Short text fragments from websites
━━━

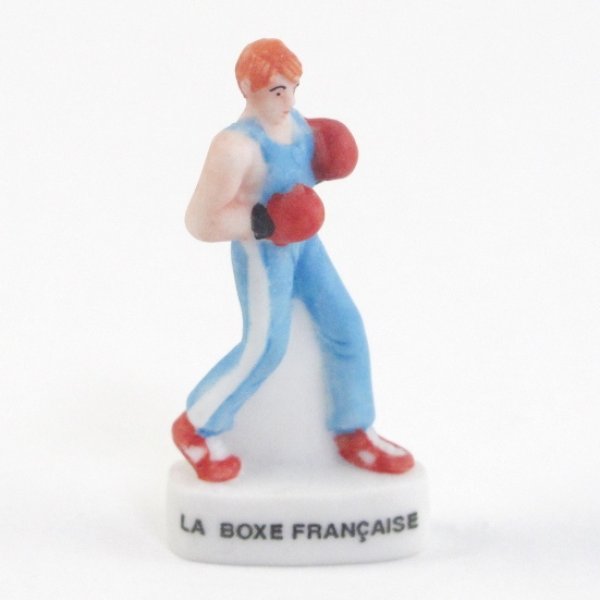 画像1: 【フェーブ】LA BOXE FRANCAISE - フランスのボクシング (1)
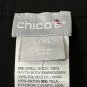 NWT Chicos Womens Black White Embroidered Kimono Coverup Top Size L/XL $149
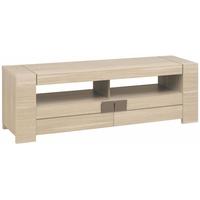 gami atlanta light oak tv unit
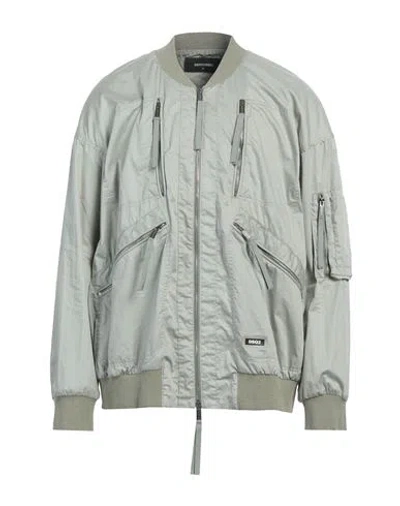 Dsquared2 Man Jacket Light Green Size 38 Cotton In Green
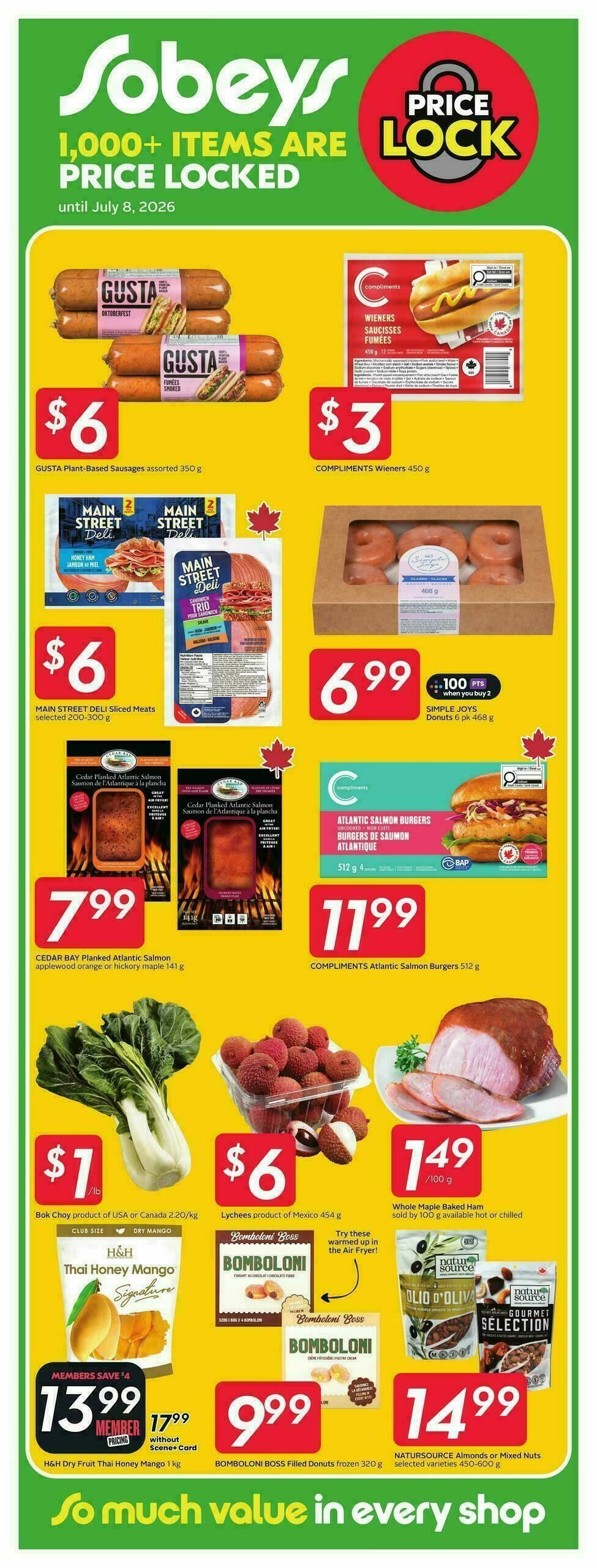 Sobeys Flyer from June 4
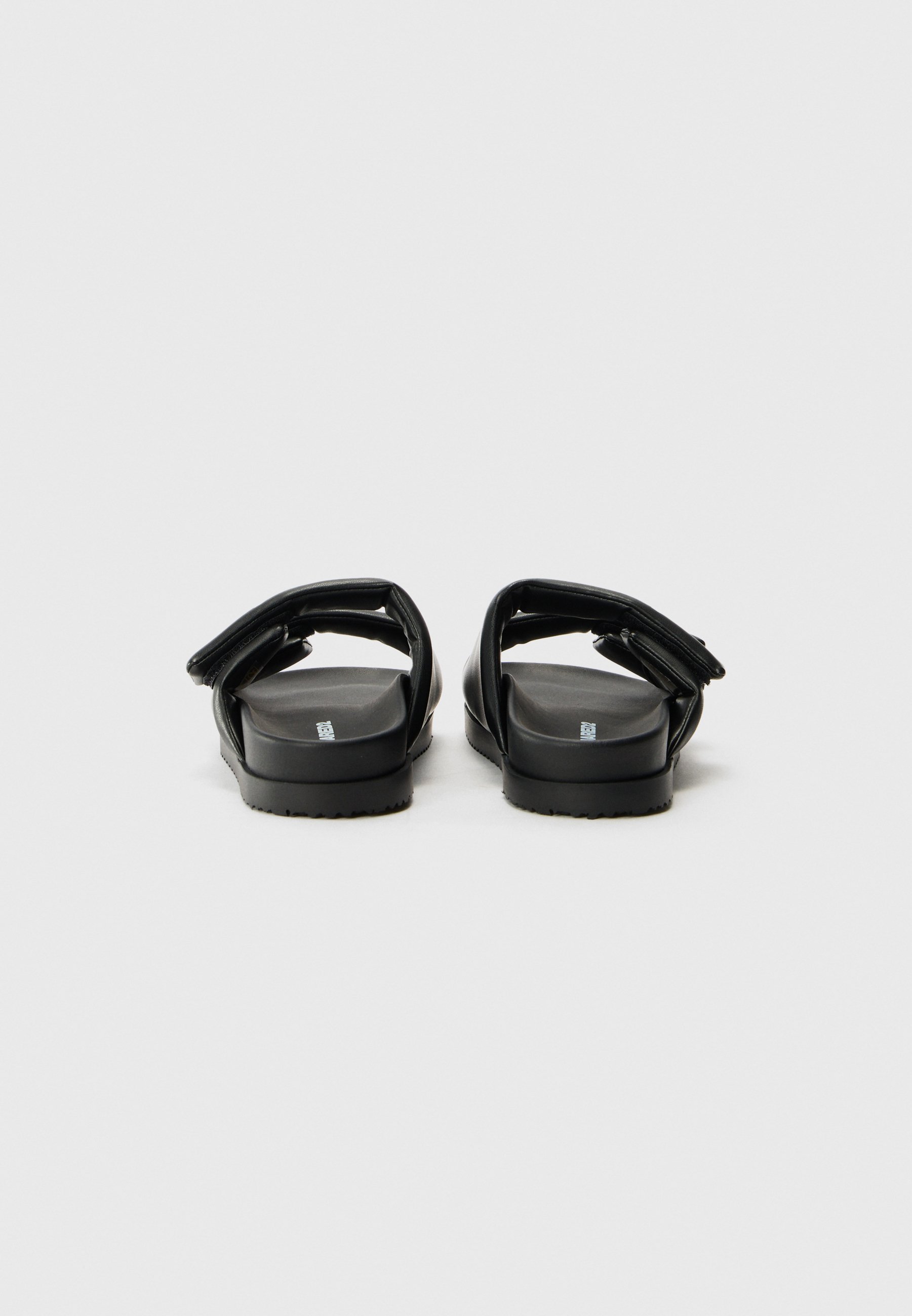 Chaussons DSQUARED2 ICON - noir/blanc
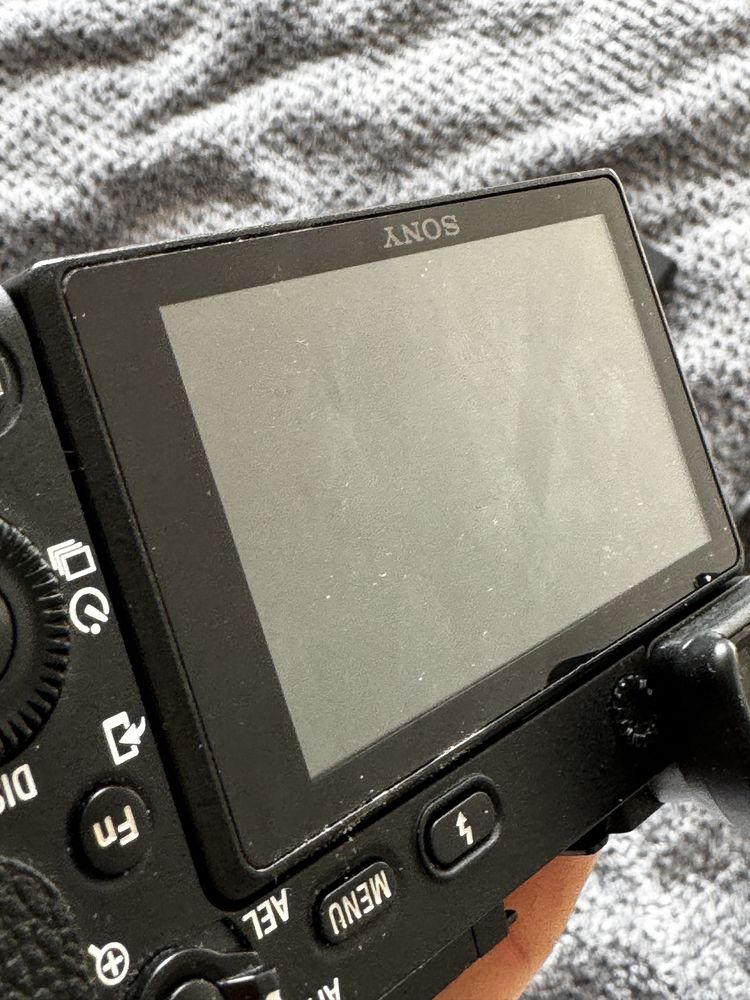 Sony a6500 обьектив 18-105 f4 фотоаппарат сони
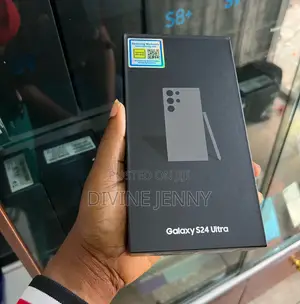 New Samsung Galaxy S24 Ultra 256 GB Gray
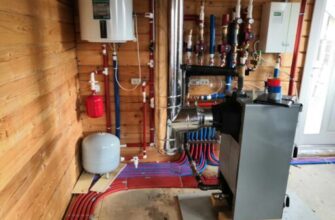 Сделать отопление в частном доме Кубинки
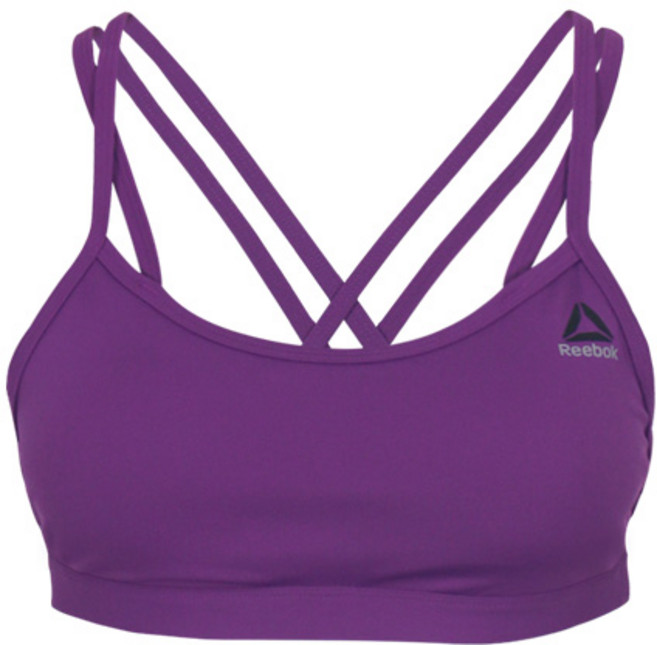 리복 여성 히어로 스트랩 스포츠 캡내장브라탑-BS1657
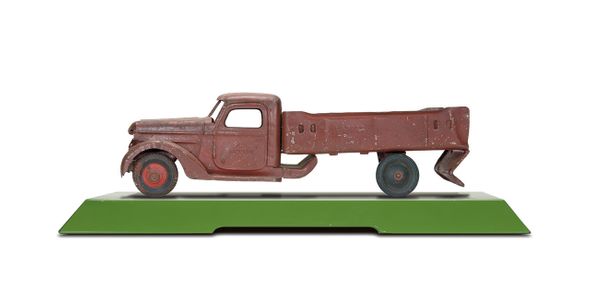 JoyBuilding Limited Edition Museum Quality Gicl&eacute;e: "Buddy L rusty Truck"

━━━

● Exercise prompt
Copy exactly and only this span: the line with "New Samsung Galaxy S24 Ultra 256 GB Gray" through the final line of the entries, both ends included, with the pictures left out.

● Task result
 New Samsung Galaxy S24 Ultra 256 GB Gray
 Сделать отопление в частном доме Кубинки
 리복 여성 히어로 스트랩 스포츠 캡내장브라탑-BS1657
 JoyBuilding Limited Edition Museum Quality Gicl&eacute;e: "Buddy L rusty Truck"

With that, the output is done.